Expected impact of falling house prices
As real estate is an important industry that has been driving the Chinese economy, falling house prices are expected to have a significant impact not only on the real economy, but also on the monetary and fiscal aspects of the Chinese economy (Table 2).
|Ratio to GDP (%)|
|Real estate development investment||8,601.3||15.1|
|Sales amount of real estate||8,142.9||14.3|
|Transfer of land||4,125.0||7.3|
|Tax revenues related to real estate||Approx. 2,000.0||Approx. 3.5|
|Real estate loans of financial institutions||14,610.0||25.7|
|Housing loans to individuals||9,800.0||17.2|
|Total fiscal revenue in China (including revenues of government-controlled funds)||18,138.2||31.9|
|Total loans of financial institutions||71,900.0||126.4|
|Source: Compiled by the author based on the data from the National Bureau of Statistics of China, the Ministry of Finance, and the People's Bank of China|
First, in terms of the real economy, real estate development investment in 2013 stood at 8.6 trillion yuan, equivalent to 15.1% of the gross domestic product (GDP). If the real estate market weakens, real estate development investment will not grow as strongly as it did in the past. This will not only lower GDP growth directly, but also put a damper on the economy through declining demand in related industries such as steel, consumer electronics, and furniture.
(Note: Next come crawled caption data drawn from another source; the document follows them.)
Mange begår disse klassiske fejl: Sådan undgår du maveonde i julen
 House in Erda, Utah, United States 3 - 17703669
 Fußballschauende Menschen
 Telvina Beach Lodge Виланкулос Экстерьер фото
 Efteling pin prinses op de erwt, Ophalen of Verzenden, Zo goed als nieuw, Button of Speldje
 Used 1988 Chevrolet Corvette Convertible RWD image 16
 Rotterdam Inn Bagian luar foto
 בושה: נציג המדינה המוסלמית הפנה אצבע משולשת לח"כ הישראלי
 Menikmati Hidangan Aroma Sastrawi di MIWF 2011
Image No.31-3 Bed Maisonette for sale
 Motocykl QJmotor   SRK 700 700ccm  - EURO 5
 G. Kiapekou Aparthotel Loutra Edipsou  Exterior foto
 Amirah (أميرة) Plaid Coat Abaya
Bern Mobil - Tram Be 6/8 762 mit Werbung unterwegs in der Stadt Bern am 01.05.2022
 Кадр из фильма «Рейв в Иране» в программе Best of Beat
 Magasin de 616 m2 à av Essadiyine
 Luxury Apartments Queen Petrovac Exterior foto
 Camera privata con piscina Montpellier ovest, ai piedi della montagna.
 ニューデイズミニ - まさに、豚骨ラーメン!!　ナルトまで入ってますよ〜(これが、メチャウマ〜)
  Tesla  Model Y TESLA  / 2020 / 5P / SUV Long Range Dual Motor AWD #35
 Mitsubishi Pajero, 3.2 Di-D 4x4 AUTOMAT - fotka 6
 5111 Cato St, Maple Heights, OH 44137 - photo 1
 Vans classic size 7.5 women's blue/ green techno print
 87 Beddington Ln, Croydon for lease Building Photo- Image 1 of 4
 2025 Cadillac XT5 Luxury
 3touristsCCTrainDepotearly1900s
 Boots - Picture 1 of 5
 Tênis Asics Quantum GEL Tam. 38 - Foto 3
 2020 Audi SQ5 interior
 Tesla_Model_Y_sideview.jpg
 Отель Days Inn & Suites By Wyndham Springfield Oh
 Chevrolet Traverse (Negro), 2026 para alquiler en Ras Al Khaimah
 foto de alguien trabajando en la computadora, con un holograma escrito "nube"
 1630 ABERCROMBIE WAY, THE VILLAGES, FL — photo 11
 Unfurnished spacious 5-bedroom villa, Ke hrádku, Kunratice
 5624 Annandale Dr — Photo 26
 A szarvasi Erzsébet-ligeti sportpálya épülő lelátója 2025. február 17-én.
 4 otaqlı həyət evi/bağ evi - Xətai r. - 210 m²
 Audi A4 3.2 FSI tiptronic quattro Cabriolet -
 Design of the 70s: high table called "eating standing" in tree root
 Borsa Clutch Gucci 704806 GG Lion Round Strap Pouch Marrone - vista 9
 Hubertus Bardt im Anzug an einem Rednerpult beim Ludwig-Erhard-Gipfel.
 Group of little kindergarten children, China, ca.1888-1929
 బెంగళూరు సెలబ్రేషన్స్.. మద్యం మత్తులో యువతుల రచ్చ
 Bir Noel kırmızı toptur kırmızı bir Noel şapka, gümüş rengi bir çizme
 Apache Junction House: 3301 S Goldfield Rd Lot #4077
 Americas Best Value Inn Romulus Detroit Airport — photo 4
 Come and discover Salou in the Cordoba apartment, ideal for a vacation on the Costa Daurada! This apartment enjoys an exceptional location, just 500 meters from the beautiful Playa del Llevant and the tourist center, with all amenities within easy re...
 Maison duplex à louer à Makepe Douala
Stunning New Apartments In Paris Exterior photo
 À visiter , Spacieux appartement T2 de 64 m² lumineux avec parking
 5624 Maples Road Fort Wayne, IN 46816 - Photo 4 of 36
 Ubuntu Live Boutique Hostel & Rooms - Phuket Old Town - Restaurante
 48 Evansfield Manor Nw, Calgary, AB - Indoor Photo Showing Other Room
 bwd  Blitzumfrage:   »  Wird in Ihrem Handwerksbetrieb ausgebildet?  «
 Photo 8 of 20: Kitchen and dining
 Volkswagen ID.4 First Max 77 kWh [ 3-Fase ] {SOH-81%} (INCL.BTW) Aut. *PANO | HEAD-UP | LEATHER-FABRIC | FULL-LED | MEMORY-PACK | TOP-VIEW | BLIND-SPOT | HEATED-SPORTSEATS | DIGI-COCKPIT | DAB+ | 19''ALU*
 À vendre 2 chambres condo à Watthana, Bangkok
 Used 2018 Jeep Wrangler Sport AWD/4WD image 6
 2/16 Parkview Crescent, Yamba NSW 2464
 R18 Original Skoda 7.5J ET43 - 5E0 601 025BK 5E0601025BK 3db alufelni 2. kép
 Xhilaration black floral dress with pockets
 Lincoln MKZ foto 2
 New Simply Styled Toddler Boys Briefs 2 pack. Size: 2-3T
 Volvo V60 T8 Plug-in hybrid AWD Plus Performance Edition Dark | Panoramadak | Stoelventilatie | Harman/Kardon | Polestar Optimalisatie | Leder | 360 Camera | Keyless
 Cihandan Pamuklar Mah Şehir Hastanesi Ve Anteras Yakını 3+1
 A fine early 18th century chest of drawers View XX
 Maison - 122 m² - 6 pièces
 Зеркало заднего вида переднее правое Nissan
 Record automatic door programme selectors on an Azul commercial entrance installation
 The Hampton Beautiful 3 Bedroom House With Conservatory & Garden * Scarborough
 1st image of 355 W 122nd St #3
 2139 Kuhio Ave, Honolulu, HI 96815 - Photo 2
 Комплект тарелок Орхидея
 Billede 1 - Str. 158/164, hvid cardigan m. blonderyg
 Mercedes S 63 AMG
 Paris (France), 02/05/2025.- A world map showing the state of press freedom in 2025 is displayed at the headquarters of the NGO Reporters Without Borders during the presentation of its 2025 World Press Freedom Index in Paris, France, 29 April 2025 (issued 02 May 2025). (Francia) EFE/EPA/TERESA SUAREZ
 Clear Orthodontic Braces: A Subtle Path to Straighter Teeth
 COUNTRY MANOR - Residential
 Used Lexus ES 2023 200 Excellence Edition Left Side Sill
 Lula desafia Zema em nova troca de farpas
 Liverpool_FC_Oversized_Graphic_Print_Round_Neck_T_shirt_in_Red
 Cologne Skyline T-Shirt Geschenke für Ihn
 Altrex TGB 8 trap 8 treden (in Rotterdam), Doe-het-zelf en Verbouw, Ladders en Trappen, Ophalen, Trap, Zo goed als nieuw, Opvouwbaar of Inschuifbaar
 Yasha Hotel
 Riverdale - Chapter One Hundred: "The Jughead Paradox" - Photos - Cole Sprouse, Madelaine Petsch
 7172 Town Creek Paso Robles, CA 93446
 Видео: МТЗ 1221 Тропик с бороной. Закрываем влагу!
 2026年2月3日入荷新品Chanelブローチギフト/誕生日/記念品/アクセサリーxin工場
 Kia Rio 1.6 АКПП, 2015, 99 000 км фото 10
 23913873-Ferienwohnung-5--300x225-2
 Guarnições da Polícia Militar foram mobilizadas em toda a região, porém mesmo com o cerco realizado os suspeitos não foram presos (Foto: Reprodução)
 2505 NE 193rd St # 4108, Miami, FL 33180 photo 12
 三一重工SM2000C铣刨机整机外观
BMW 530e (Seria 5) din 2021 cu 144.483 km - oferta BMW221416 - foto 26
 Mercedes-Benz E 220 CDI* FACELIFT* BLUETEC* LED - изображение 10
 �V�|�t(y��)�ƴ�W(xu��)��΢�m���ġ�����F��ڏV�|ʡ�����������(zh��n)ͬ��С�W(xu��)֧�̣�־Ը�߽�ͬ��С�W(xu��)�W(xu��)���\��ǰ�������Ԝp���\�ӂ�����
Real estate-related loans of financial institutions at the end of 2013 reached 14.6 trillion yuan (20.3% of the total loan of 71.9 trillion yen). Including loans via shadow banking products such as wealth management products and trust products, the size of funds flowing into the real estate market would be even larger. There has been growing concern that if house prices fall, an enormous volume of non-performing loans will arise from bank loans to the real estate industry. However, as a result of restrictions imposed on housing loans in recent years, such as the hike in the down payment ratio, this concern looks unwarranted, and, although defaults on shadow banking products may increase from now on, the direct impact on banks is expected to be limited.
In addition, revenues from the transfer of land for local governments amounted to 4.1 trillion yuan in 2013. When real estate-related tax revenues amounting to approximately two trillion yuan are also taken into consideration, it is estimated that about one-third of fiscal revenues in China rely on land. If real estate prices collapse, government revenues could drop sharply. As a result, public spending, particularly on infrastructure, will be reduced.
There are fears that if the housing bubble bursts, China will follow the same fate as Japan, which suffered the "two lost decades" from the 1990s. However, unlike Japan, which was already a mature, advanced economy at the time when the bubble burst, China, which is still a developing county, should be able to achieve economic growth of 6%-7% if it makes use of its latecomer advantage. The expected advance of urbanization in particular will be a driving force to support real estate investment as well as economic growth. As such, although an economic slowdown will be unavoidable in the short term if the housing bubble bursts, the Chinese economy should be able to avoid a long-term slump.
The original text in Japanese was posted on June 4, 2014. Data have been updated to reflect the latest information.